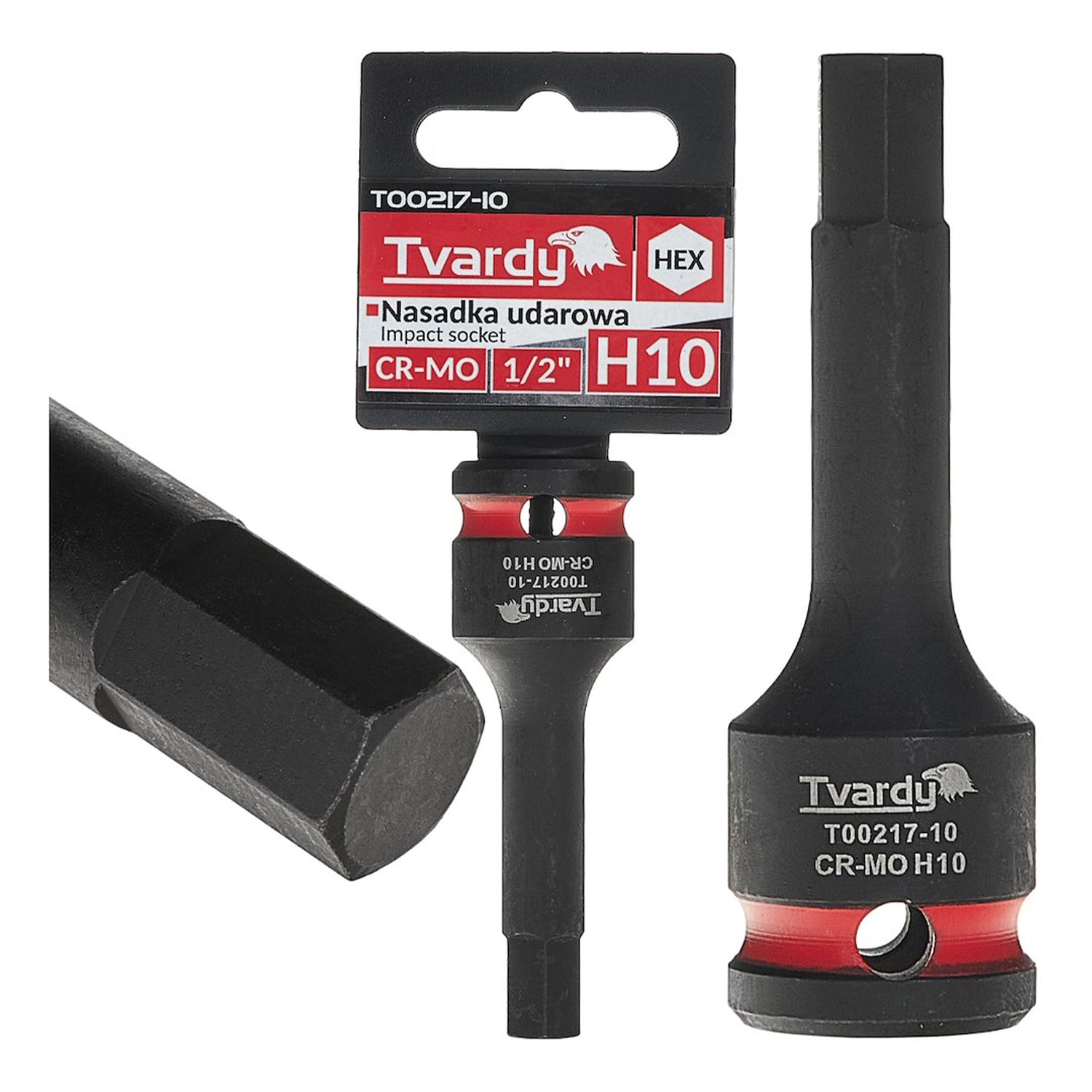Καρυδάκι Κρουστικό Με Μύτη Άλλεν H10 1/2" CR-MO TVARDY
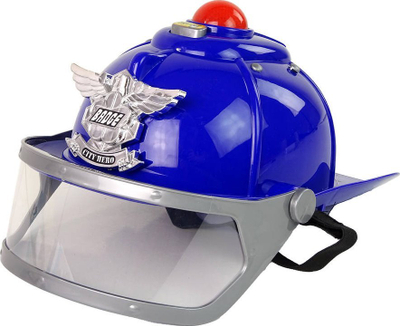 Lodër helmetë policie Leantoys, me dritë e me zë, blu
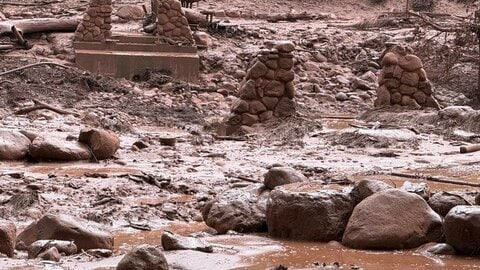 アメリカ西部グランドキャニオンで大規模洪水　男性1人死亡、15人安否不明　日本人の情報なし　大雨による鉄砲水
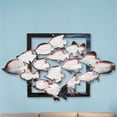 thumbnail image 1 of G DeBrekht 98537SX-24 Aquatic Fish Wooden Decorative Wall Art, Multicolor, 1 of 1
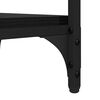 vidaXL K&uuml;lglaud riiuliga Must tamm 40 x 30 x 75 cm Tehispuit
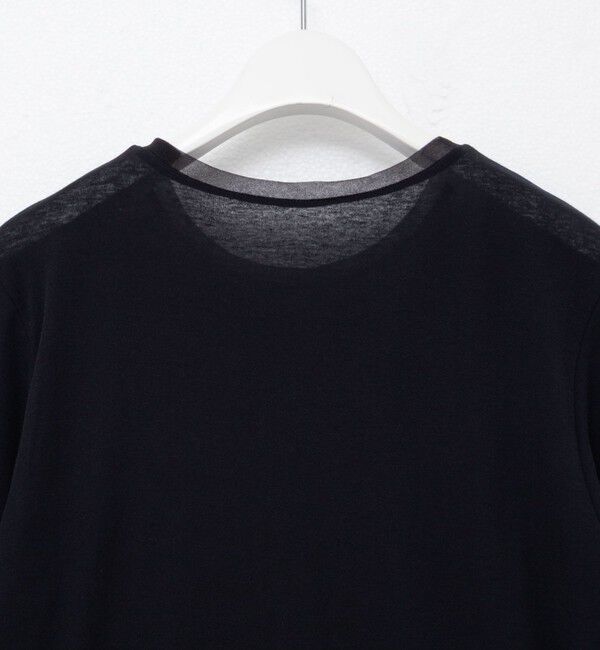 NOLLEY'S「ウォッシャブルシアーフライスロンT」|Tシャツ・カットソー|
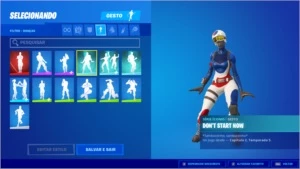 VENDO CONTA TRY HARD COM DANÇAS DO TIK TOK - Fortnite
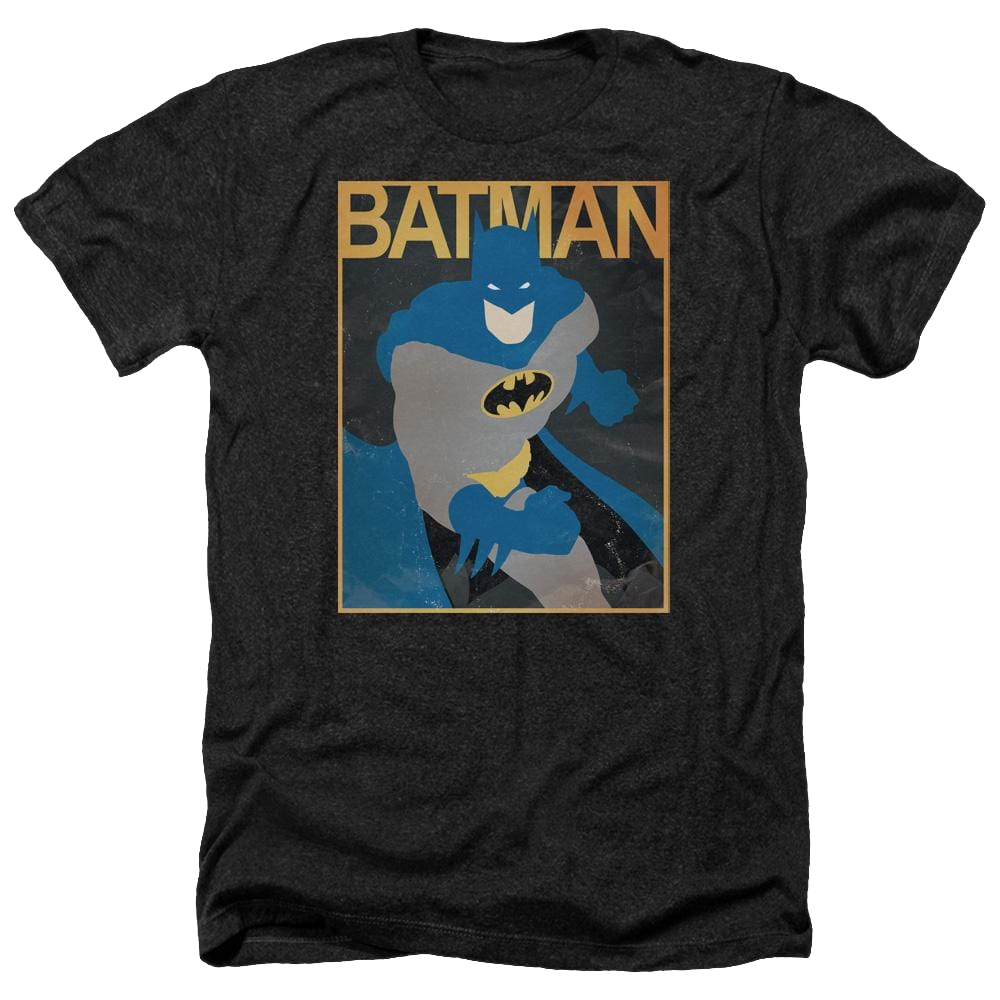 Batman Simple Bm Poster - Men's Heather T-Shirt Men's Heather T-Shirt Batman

= = = =

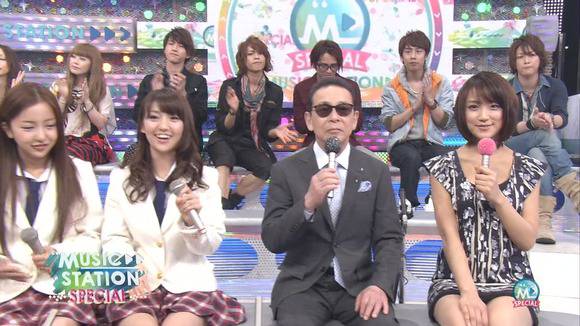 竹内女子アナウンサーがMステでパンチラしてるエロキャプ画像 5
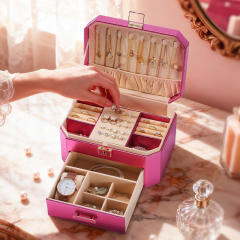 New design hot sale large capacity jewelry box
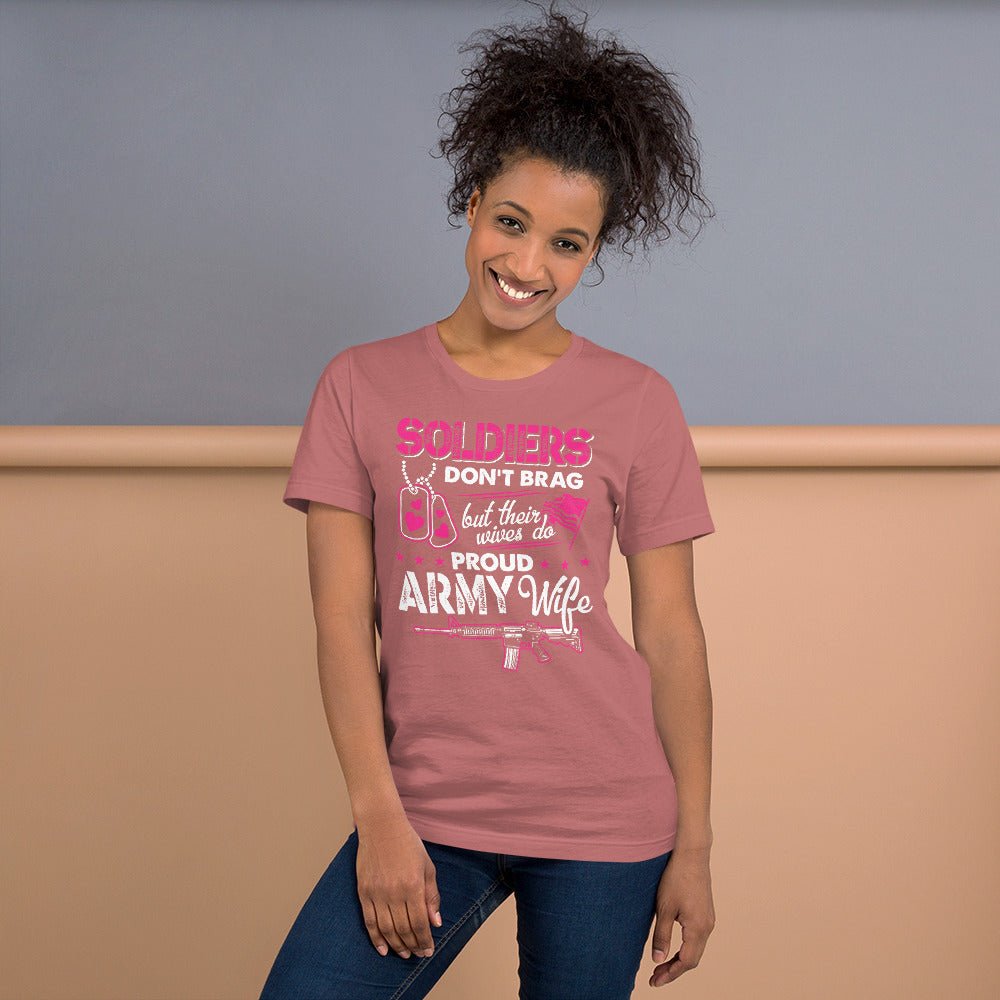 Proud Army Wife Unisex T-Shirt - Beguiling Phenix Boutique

= = = =

*To do:*
Start with the line with "Καρυδάκι Κρουστικό Με" in the listing above and stop after the line with "Batman Simple Bm". Write out exactly the lines in that stretch and no others, without pictures.

*Response area:*
Καρυδάκι Κρουστικό Με Μύτη Άλλεν H10 1/2" CR-MO TVARDY
 Lodër helmetë policie Leantoys, me dritë e me zë, blu
 アメリカ西部グランドキャニオンで大規模洪水　男性1人死亡、15人安否不明　日本人の情報なし　大雨による鉄砲水
 thumbnail image 1 of G DeBrekht 98537SX-24 Aquatic Fish Wooden Decorative Wall Art, Multicolor, 1 of 1
 vidaXL K&uuml;lglaud riiuliga Must tamm 40 x 30 x 75 cm Tehispuit
 NOLLEY'S「ウォッシャブルシアーフライスロンT」|Tシャツ・カットソー|
 VENDO CONTA TRY HARD COM DANÇAS DO TIK TOK - Fortnite
 Batman Simple Bm Poster - Men's Heather T-Shirt Men's Heather T-Shirt Batman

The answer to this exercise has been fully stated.